Gervais dans son atelier

De son père Moïse – décédé en 1984 – qui lui a ouvert la mer pour lui révéler tous ses secrets et qui lui appris à construire des bateaux ; de sa foi acquise pendant qu’un pasteur de l’Assemblée de Dieu prêche sur l’Arche de Noé et qui l’a façonné à vivre dans la tolérance, le respect des autres et de la nature, Jean Gervais Lamarque est devenu une figure incontournable dans le milieu de la pêche dans le Sud. Et son chantier, à Cité La Chaux, en face de la mer au Barachois, un véritable lieu mythique pour des rêves de voyages. Son parcours, comme ceux de Claude Narain et de Jimmy Roussel, deux autres enfants de la même région, ne peut que forcer l’admiration.

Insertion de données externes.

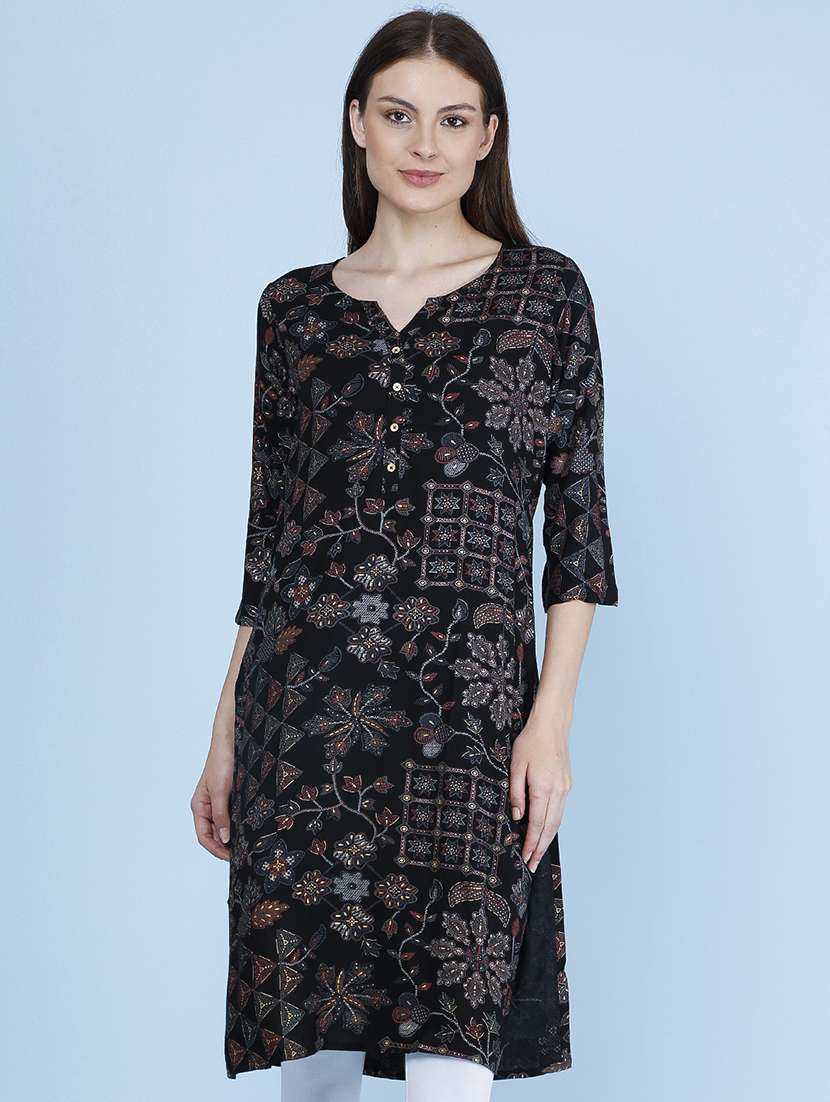 women printed three quarter sleeve straight kurta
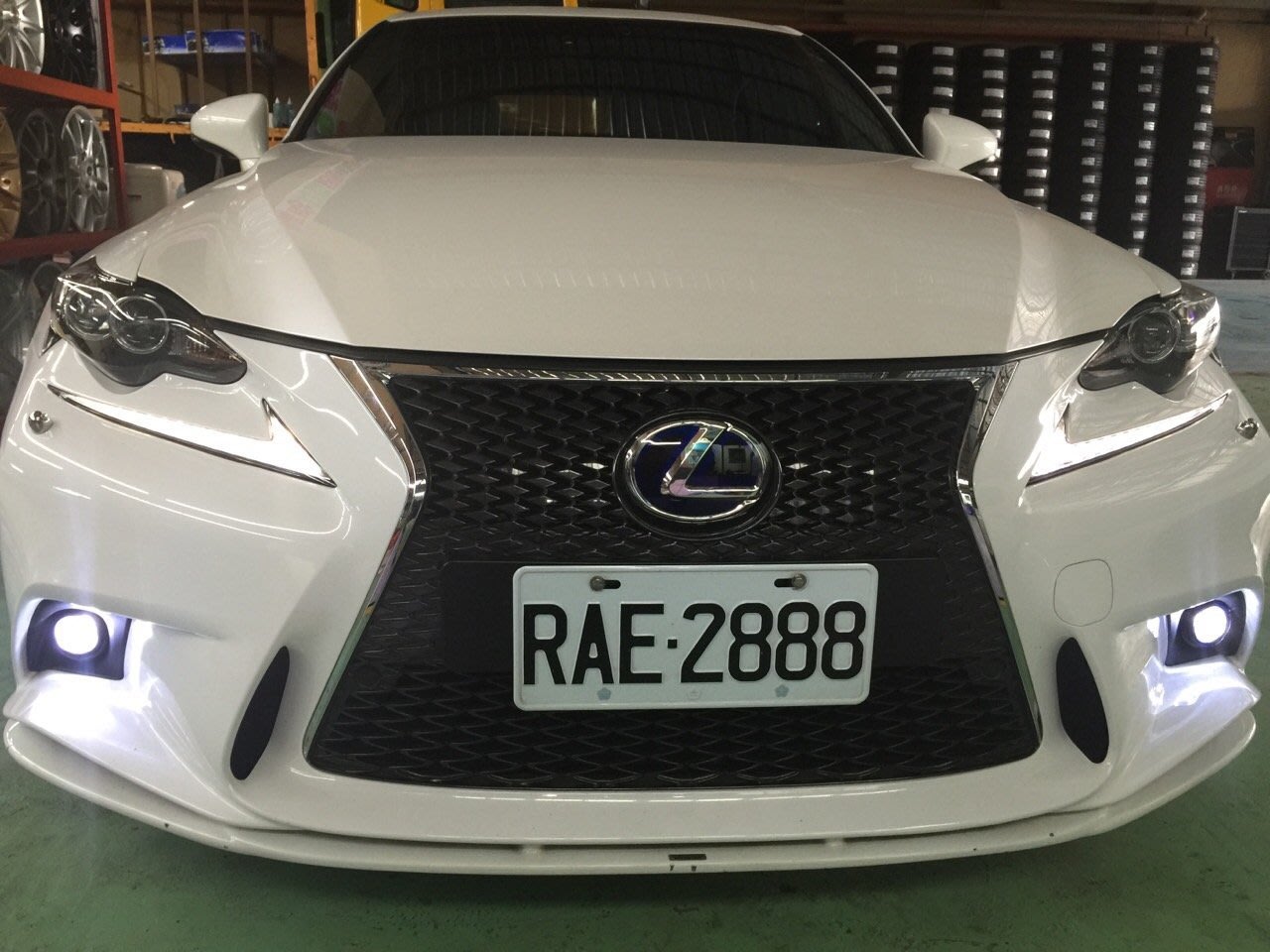 Lexus 油電車is300h 空力套件is250 原廠下巴is0t 下巴f版sport 新車isf Yahoo奇摩拍賣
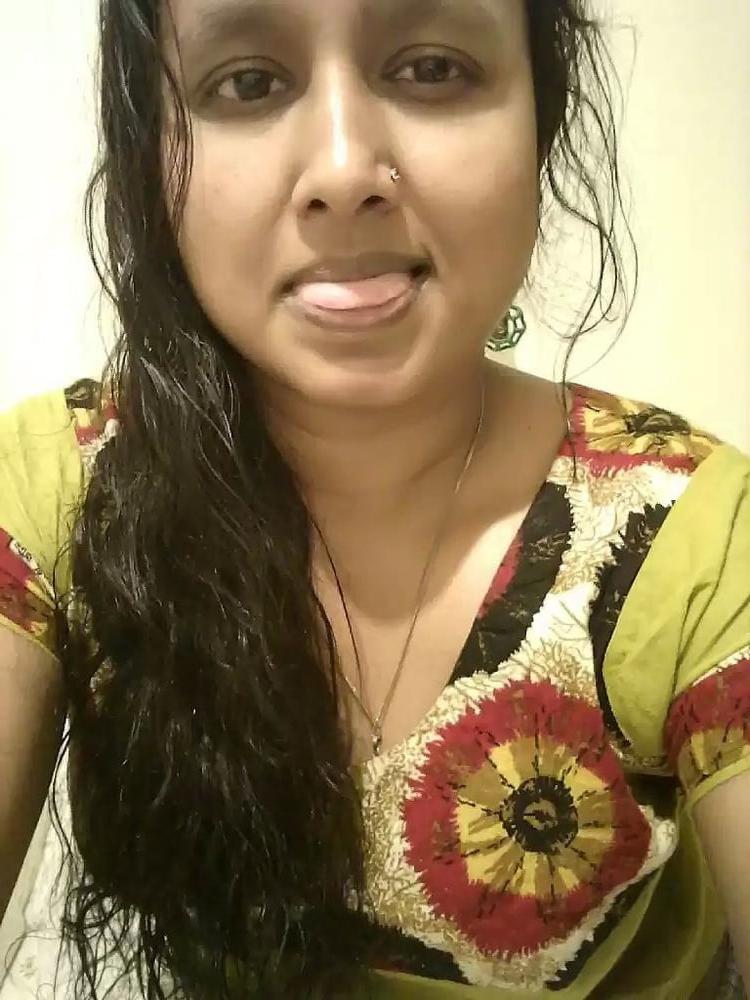 25P Desi aunty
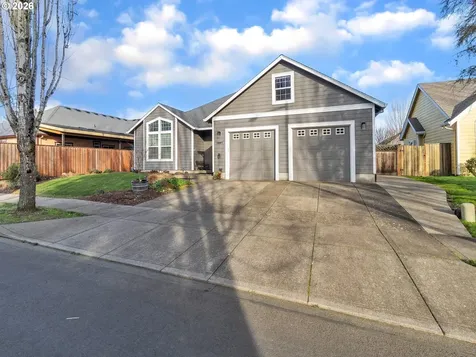 1997 NW Penny Lane Mcminnville OR 97128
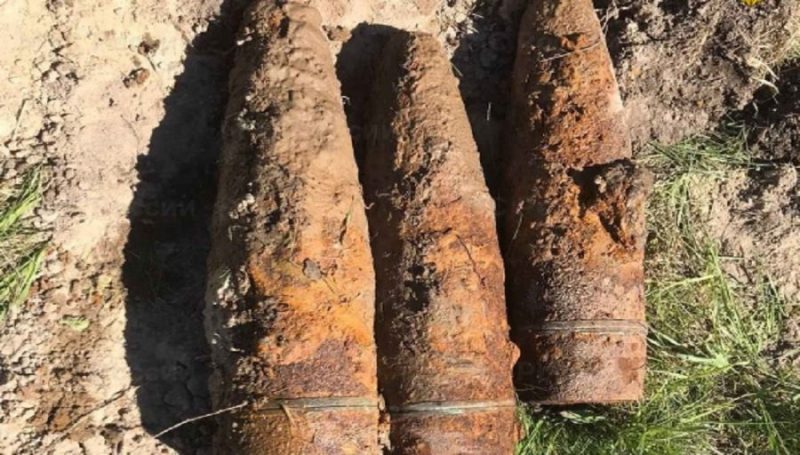 В Жуковке Брянской области 25 мая обнаружили 3 артиллерийских снаряда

Il y a de ces coïncidences et de ces correspondances. Un après-midi, Moïse Lamarque prend son fils qui a à peine 8/9 ans et lui dit «nou al ekout la parol de Dieu». Celui-ci ne comprend absolument rien, mais obtempère car la désobéissance n’est pas tolérée au sein de la famille. C’est ainsi que pour la première fois, le petit Gervais se retrouve au sein de l’Assemblée de Dieu. À mesure que le pasteur (dont il a oublié le nom) prêche, une vague de chaleur envahit son corps. Il se sent transporté. Il se souvient surtout du thème du sermon. Le pasteur commente le déluge et la construction de l’Arche de Noé. Dès cet instant, Gervais Lamarque a l’intime conviction qu’il fabriquera des bateaux ; que ce sera sa vocation. Il était aussi loin de penser que bien des années plus tard, en pleine épidémie de Covid-19, un autre Noé allait faire irruption dans sa vie : Marcel Lindsay Noë, pour lui proposer de contribuer à la construction d’une arche écologique : l’E-Explorer. Depuis ce jour, comme habité par la grâce, Gervais commence à vivre autrement et ce, jusqu’à maintenant.

Il est utile de rappeler que le pasteur Cizeron, vers la fin des années 60, commence son œuvre d’évangélisation, procède à des baptêmes à ciel ouvert à Flic-en-Flac provoquant ainsi la frilosité de l’Eglise catholique et des socioculturels. Ce qui lui vaut d’être déclaré persona non grata par le gouvernement d’alors. D’autres prennent la relève et ce n’est qu’après 1982 que Cizeron peut revenir à Maurice quand le gouvernement MMM lève son interdit. C’est ainsi que tous les enfants de Moïse et ceux de Gervais, par la suite, deviennent des fidèles de l’Assemblée de Dieu dont l’église se trouve derrière le CEB de Mahébourg. «Toute notre famille est croyante. Nous vivons autrement ; dans le respect des autres. Notre quartier ici n’a pas été contaminé par la drogue. Nous veillons au grain. C’est ainsi que j’ai élevé mes enfants», dit Gervais. Il se flatte d’ailleurs que tout son clan habite et gravite autour de lui à Cité La Chaux.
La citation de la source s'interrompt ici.